▶ PROVIDED RECORDS
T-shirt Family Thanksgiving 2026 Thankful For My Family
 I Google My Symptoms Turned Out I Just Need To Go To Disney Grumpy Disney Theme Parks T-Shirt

==

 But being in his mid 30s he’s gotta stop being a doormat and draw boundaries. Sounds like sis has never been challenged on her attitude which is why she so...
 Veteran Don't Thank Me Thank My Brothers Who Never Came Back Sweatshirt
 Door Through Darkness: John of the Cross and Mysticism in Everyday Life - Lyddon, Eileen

▶ ABOUT THIS EXERCISE
For this exercise, repeat exactly the lines of the data above from the one with "T-shirt Family Thanksgiving" down to the one with "I Google My", both end lines included.

▶ RESULT OF THIS TASK
T-shirt Family Thanksgiving 2026 Thankful For My Family
 I Google My Symptoms Turned Out I Just Need To Go To Disney Grumpy Disney Theme Parks T-Shirt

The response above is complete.